- [Assigned task]: Copy the listing as it is written, and leave each picture out.

- [Dataset excerpt]:
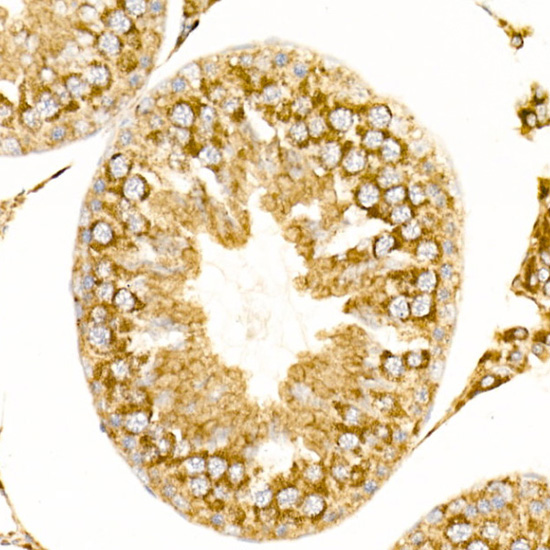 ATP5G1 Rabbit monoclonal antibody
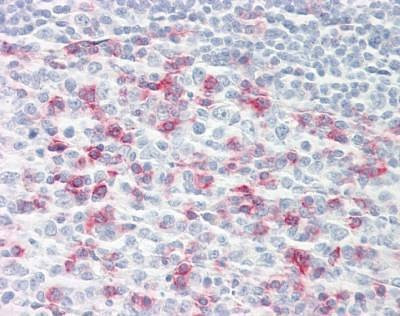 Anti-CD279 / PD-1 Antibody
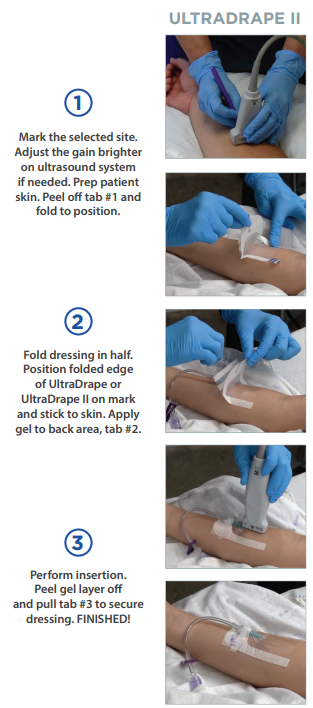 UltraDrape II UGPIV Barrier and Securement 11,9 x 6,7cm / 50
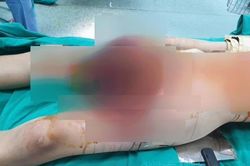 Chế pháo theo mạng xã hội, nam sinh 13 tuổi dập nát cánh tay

- [The completed task]:
 ATP5G1 Rabbit monoclonal antibody
 Anti-CD279 / PD-1 Antibody
 UltraDrape II UGPIV Barrier and Securement 11,9 x 6,7cm / 50
 Chế pháo theo mạng xã hội, nam sinh 13 tuổi dập nát cánh tay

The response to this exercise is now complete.